Gli inglesi ritengono un oltraggio il fatto d’indossare una cravatta di un reggimento o di una scuola della quale non avete fatto parte, e li mette (secondo noi legittimamente) in collera, quindi vi sconsigliamo di indossare simili cravatte oltre-Manica.
Negli Stati Uniti, in compenso, nessuno bada minimamente a queste tradizioni, peraltro poco conosciute. Detto questo, la scelta migliore è portare le regimental cosiddette “italiane”, che non solo non hanno alcun legame con particolari scuole o unità militari, ma sono anche caratterizzata da una variazione nell’intensità delle righe, facendone variare la dimensione. Al contrario, le righe inglesi sono sempre uniformi e realizzate con del Reps di seta-
Tradizionalmente, le righe devono scendere da sinistra verso destra (dal punto di vista di colui che indossa la cravatta), ma alcune maisons come la statunitense Brook Brothers propone espressamente cravatte con motivo invertito, dunque da destra verso sinistra, per distinguersi dai britannici.

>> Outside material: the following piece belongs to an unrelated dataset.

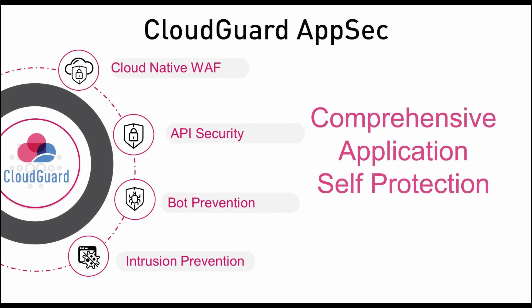CloudGuard AppSec provides a cloud-native WAF with API security, bot prevention, and intrusion prevention.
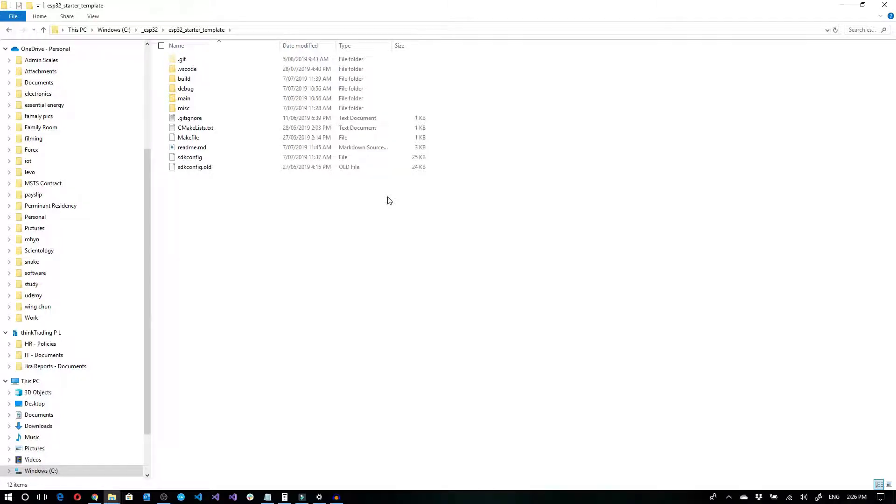The typical hello world of microcontrollers is setting up a little blink light, which is what we're going to do as a first step.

Francamente noi preferiamo la “moda” originale perché, essendo le tasche sul petto posizionate sempre a sinistra, creano una linea che si armonizza molto bene con la presenza del fazzoletto da taschino (che ogni uomo perbene dovrebbe ovviamente indossare).
To be continued…
Cheers, HUGO.
Hugo JACOMET.
CIRCA LA NECESSITÀ DI DIFENDERE LA CRAVATTA (3)
Hugo JACOMET12 AVR 2012
Gentlemen,
passiamo ora alle cravatte a pois, con le quali arriviamo alla vera e propria soglia fra cravatte formali e cravatte informali. Un buon metodo per comprendere empiricamente in cosa consista questa soglia è l’abbinamento con le camicie “button-down”, che risulta appunto molto difficile (se non quasi impossibile) per la stragrande maggioranza delle cravatte a pois. Tuttavia quelle che presentano pois più distanziati (almeno un pollice, ossia 2,5 cm) possono essere portate con simili capaci, a patto che il motivo non sia tessuto ma stampato. Tutte le altre invece richiedono rigorosamente camicie più formali.
Detto questo, si tratta di cravatte molto versatili, ed è cosa buona e giusta possederne un buon numero nel vostro guardaroba: alcune con colori più brillanti, altre più scure, stampate, tessute, con motivi molto ravvicinati (“minute dots”) o più distanziati. Ma siate coscienti del fatto che se volete portare cravatte con pois grandi quanto una moneta da un centesimo non potete esimervi da abbinarla con gli accessori giusti: un naso rosso da clown, scarpe extra-lunghe, un cappello con l’elica sopra e bottoni spara-acqua (e non aggiungo altro).
I motivi geometrici –quadrati, tartan, plaid, diamanti eccetera- sono intrinsecamente più formali, soprattutto se tessuti e non stampati.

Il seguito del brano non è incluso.